Oh my. In an age when Karl Rove takes a war hero who left three limbs on the battlefield, and morphs him into Osama bin Laden, it’s an alleged copyright violation that the Times finds “beyond the pale.” How shocking.
But the thing is, the DCCC ad doesn’t violate anybody’s copyright. Reichert spoke for about 20 minutes that day, and by any legal definition the few seconds excerpted by the DCCC constitutes “fair use.” I myself have posted to HA longer clips from Reichert’s speech, and I’ve yet to receive any cease and desist orders from TVW. And if I did, I wouldn’t comply.

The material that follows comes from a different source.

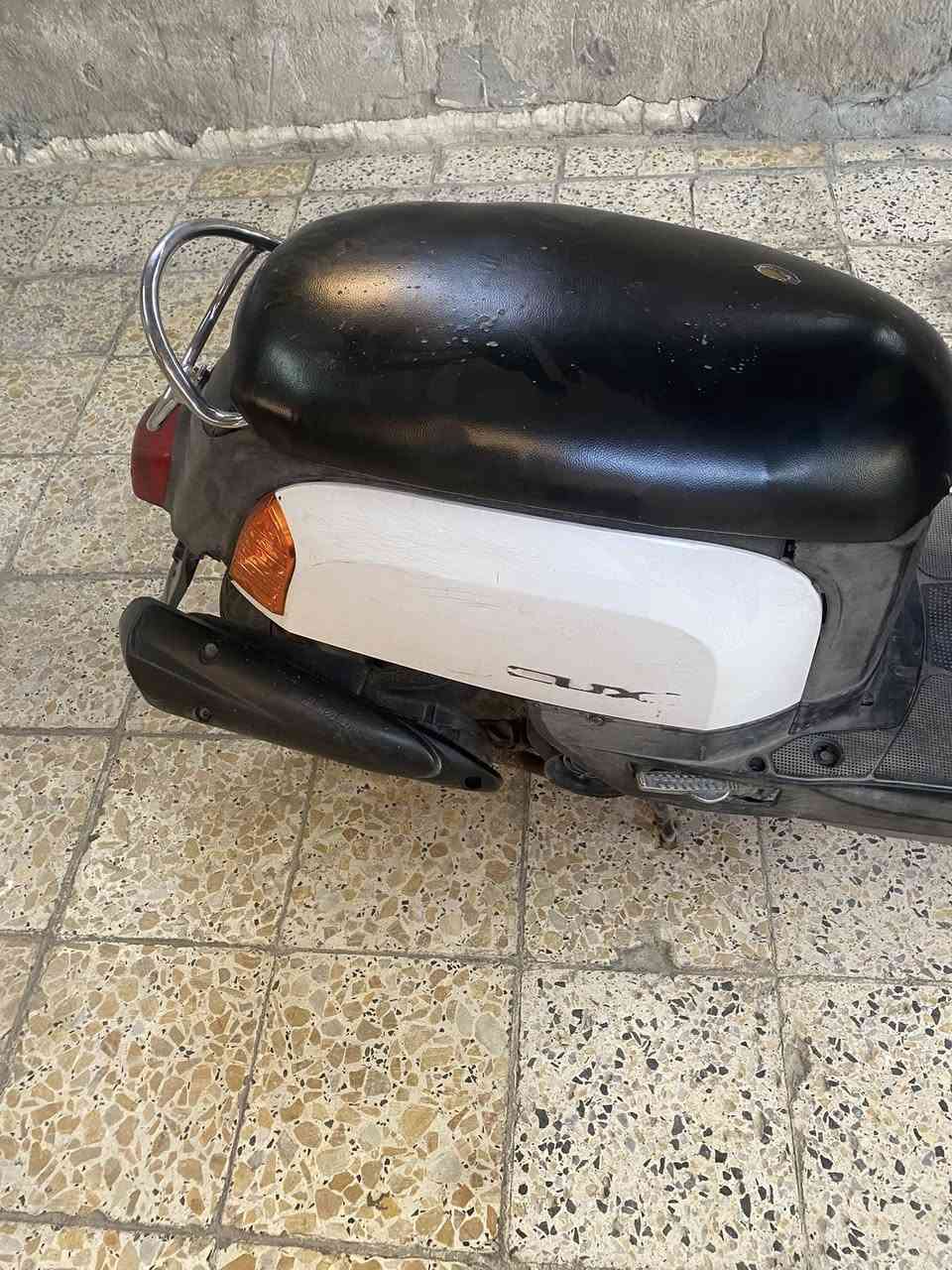 السلام عليكم دراجه بوليس للبيع الدراجه خير من الله شلعه معدل كهربائيات كلهة شغاله نكره سلف العنوان بغداد الدوره ابو دشير الرقم *********** السعر ٤٧٥وبيهة مجال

To argue that the DCCC has violated TVW’s copyright would be like arguing that I have violated the Seattle Times‘ copyright by block-quoting the paragraph above. If that truly represents Times publisher Frank Blethen’s expert interpretation of the “fair use doctrine” then I challenge the Times to sue me now, because I promise you Frank, I’m going to violate your copyright again. And again and again and again. In fact, you know what Frank..? I’m going to violate you again right now:
Burner should denounce the ad and call for its removal.
Take it like a man Frank, and get used to it… because in this new media landscape of excerpts and aggregation, you’re my bitch.
As to the Times‘ admonition that Burner should call on the DCCC to pull the ad, well, either their editorialists are getting their election law advice from the same quack advising them on fair use, or… they’re simply being disingenuous with their readers. (I’m guessing the latter.) Burner can’t call on the DCCC to pull the ad; that would be illegal. The FEC strictly prohibits coordination between campaigns and organizations engaging in independent expenditures, because otherwise the expenditure wouldn’t be, um… independent.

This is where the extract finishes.